06-14-2017 11:48 PM
I'm a Hadoop newbie so don't shoot me yet. I'm trying to import hive tables with python as described how to access hive via python
Namely I'm working on a BDA cloudera under red hat 4.4.7 with GCC 4.4.7 with anaconda-python 3.5.2 installed on a single node and python 2.6.6 system wide.
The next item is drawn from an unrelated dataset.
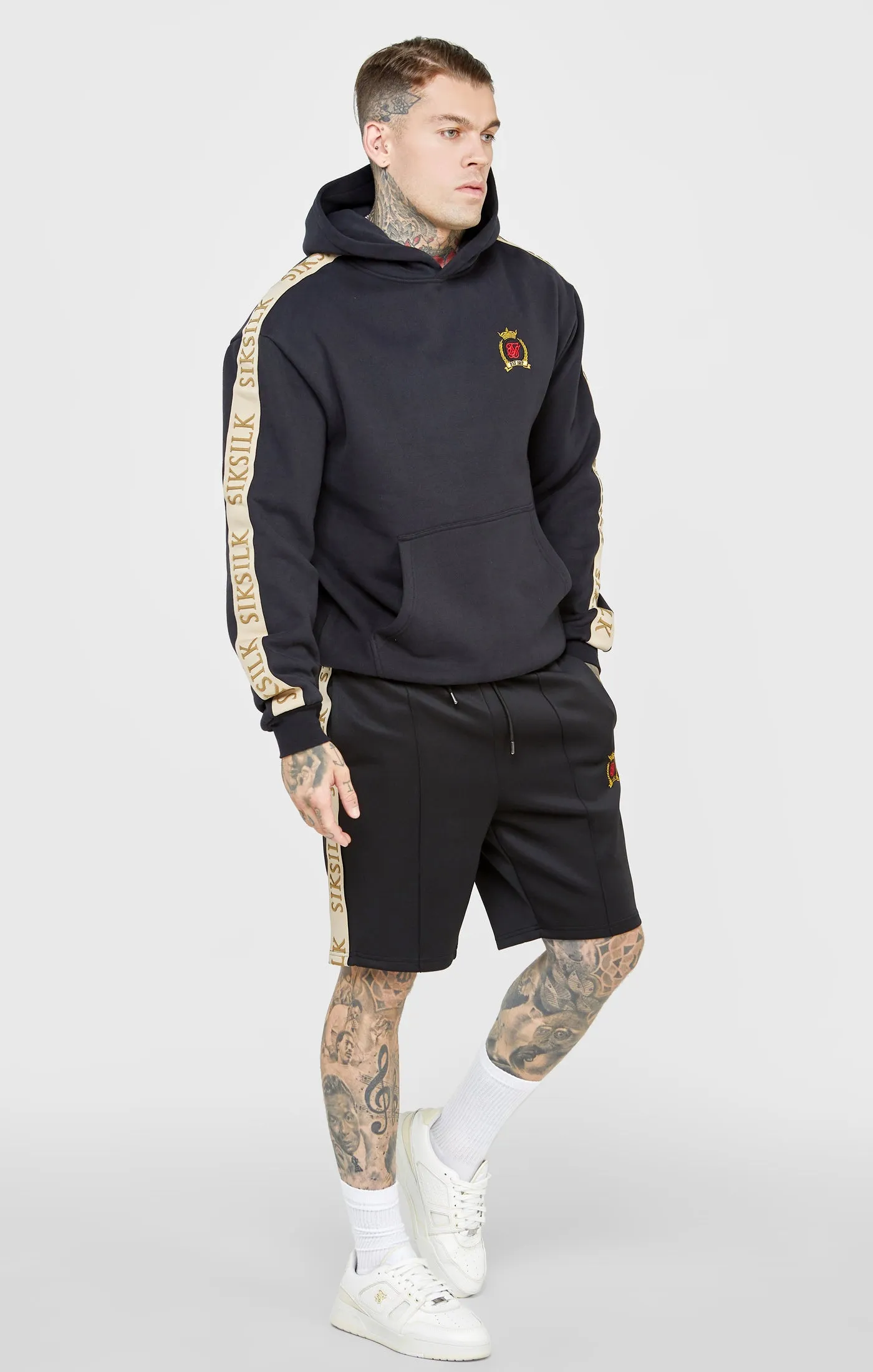 Black Oversized Hoodie sold by Siksilk product image thumbnail 4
The following packages are installed using anaconda (python 3.5.2 therefore):
when I used the sample code (complete code and error message : stackoverflow post)
from pyhive import hive
conn = hive.Connection(host="myserver", port = 10000)
"Could not start sasl"
I digged in forums, googlized a lot but I didn' find a fix for this issue (tried to uninstall reinstall different version of the sasl package, tried pyhs2 but still rely on sasl)
Have you any idea ?
your help will be greatly appreciated !
06-15-2017 12:26 PM
06-20-2017 07:07 AM
thanks for the answer. We (I should say, IT-team) find a solution
Upgrade of python packages thrift (to version 0.10.0) and PyHive (to version 0.3.0) don’t know why the version we used wasn’t the latest.
Added the following:
<property> <name>hive.server2.authentication</name> <value>NOSASL</value> </property>
To the following Hive config parameters in Cloudera Manager:
HiveServer2 Advanced Configuration Snippet (Safety Valve) for hive-site.xml
Hive Client Advanced Configuration Snippet (Safety Valve) for hive-site.xml necessary so that HUE would work
from pyhive import hive conn = hive.Connection(host="myserver", auth='NOSASL') import pandas as pd import sys df = pd.read_sql("SELECT * FROM m_ytable", conn) print(sys.getsizeof(df)) df.head()
worked without problem/error.